Workload Distributions

This page documents the statistical distributions and priors behind the current workload generator.

Use it together with:

What this page is for

The generator is no longer just a flat random-job emitter. It now uses explicit priors for:

arrival timing,
GPU-count skew,
duration shape,
utilization,
memory pressure,
multi-pod workload structure.

This page makes those priors visible and explains why they are reasonable.

1. Arrival model

The current implementation uses a lightweight NHPP-like process:

a baseline exponential inter-arrival sampler,
modulated by an hourly multiplier,
with optional burst windows.

That is not yet a full trace-fit pipeline, but it is designed to capture the main structure reported in Helios and in scheduler-evaluation work:

workday-heavy submission activity,
visible midday dips,
lower submission activity overnight,
and occasional bursty periods.

Current hourly multipliers

00:00-07:59: 0.70
09:00-11:59: 1.20
12:00: 0.85
13:00-17:59: 1.15
18:00: 0.85
20:00-22:59: 1.00
other hours: 0.95

Burst overlay

Optional burst parameters:

--burst-day-probability
--burst-multiplier
--burst-mean-jobs

This is inspired by Blox-style simulator methodology, where trace-derived rates are combined with controlled spikes for stress testing.

2. GPU-count prior

The generator follows the trace-backed pattern that:

single-GPU jobs dominate job count,
larger jobs dominate GPU-time.

Current default categorical prior

P(G=1) = 0.80
P(G=2) = 0.10
P(G=4) = 0.07
P(G=8) = 0.03

This is a practical HEP-oriented prior derived from the shape reported in Helios rather than a literal replay of one production cluster.

3. Duration model

The generator uses heavy-tailed duration priors, because public AI cluster traces consistently show that durations are not well represented by narrow or symmetric distributions.

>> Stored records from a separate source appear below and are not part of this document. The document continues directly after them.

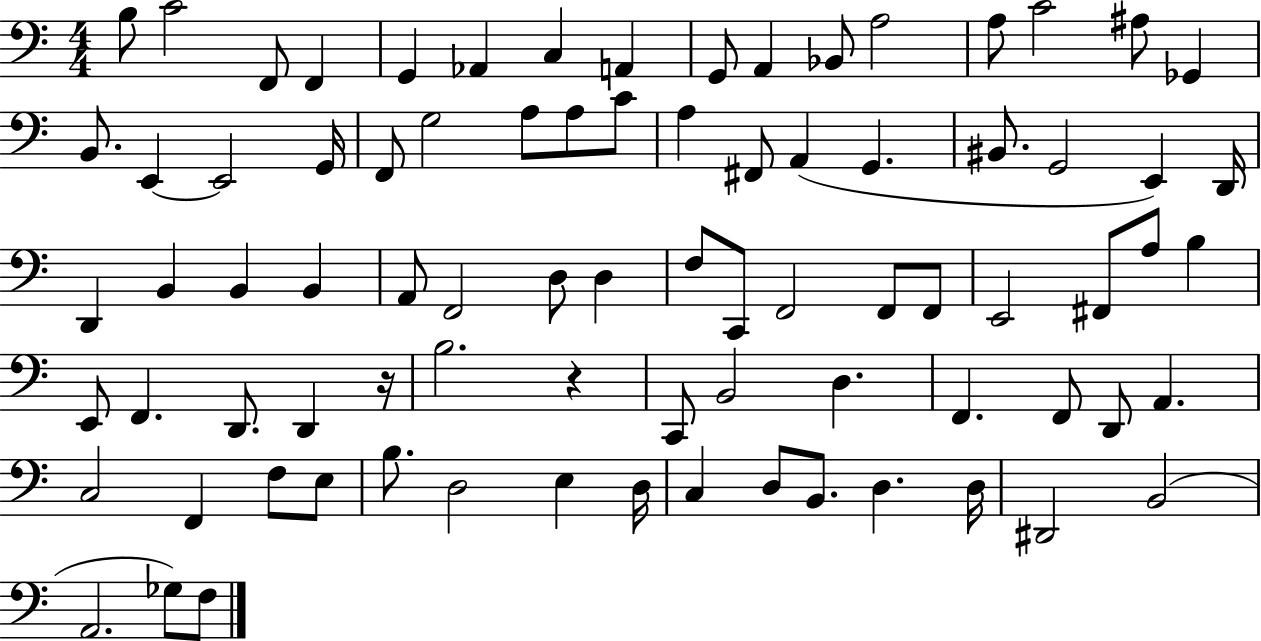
{
  \clef bass
  \numericTimeSignature
  \time 4/4
  \key c \major
  b8 c'2 f,8 f,4 | g,4 aes,4 c4 a,4 | g,8 a,4 bes,8 a2 | a8 c'2 ais8 ges,4 | \break b,8. e,4~~ e,2 g,16 | f,8 g2 a8 a8 c'8 | a4 fis,8 a,4( g,4. | bis,8. g,2 e,4) d,16 | \break d,4 b,4 b,4 b,4 | a,8 f,2 d8 d4 | f8 c,8 f,2 f,8 f,8 | e,2 fis,8 a8 b4 | \break e,8 f,4. d,8. d,4 r16 | b2. r4 | c,8 b,2 d4. | f,4. f,8 d,8 a,4. | \break c2 f,4 f8 e8 | b8. d2 e4 d16 | c4 d8 b,8. d4. d16 | dis,2 b,2( | \break a,2. ges8) f8 | \bar "|."
}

Current family-level approximations

debug_eval
- short-biased lognormal
- clamped to 30s .. 1000s
single_gpu_training
- long-tail lognormal
- clamped to 15min .. 7d
distributed_training
- longer-tail lognormal
- clamped to 20min .. 14d
parameter_server_training
- clamped to 15min .. 7d
hpo_experiment
- clamped to 20min .. 3d
cpu_preprocess
- clamped to 2min .. 8h
cpu_analytics
- clamped to 5min .. 24h

These choices are intended to preserve the Helios-style pattern:

many short exploratory/evaluation jobs,
fewer long-running training jobs,
a strong long tail extending far beyond the median.

4. Requested resources vs used resources

One of the most important modeling choices in the generator is that it separates:

requested resources
- used by the scheduler,
used resources / intensity profile
- used by the physical model.

This separation matters because public studies report that:

CPU and memory are often requested proportionally to GPUs,
but host CPU compute utilization can still be low,
while memory pressure can remain high,
and GPU utilization is often substantially below 100% in production training clusters.

5. GPU utilization prior

The current implementation seeds GPU utilization from the ATC'19 Philly mean GPU-utilization values by GPU count.

Reference points used in the current generator

1 GPU: 0.5238
4 GPUs: 0.4518
8 GPUs: 0.5899
16 GPUs: 0.4039

The generator then interpolates this into a small-cluster prior and adjusts by workload family:

debug_eval: lower effective GPU utilization
distributed_training: lower effective GPU utilization than single-GPU training
parameter_server_training: similar downward adjustment

This is meant to reflect the well-known difference between:

GPU allocation,
GPU utilization,
and actual useful throughput.

6. CPU utilization prior

The generator samples CPU utilization independently from CPU request size.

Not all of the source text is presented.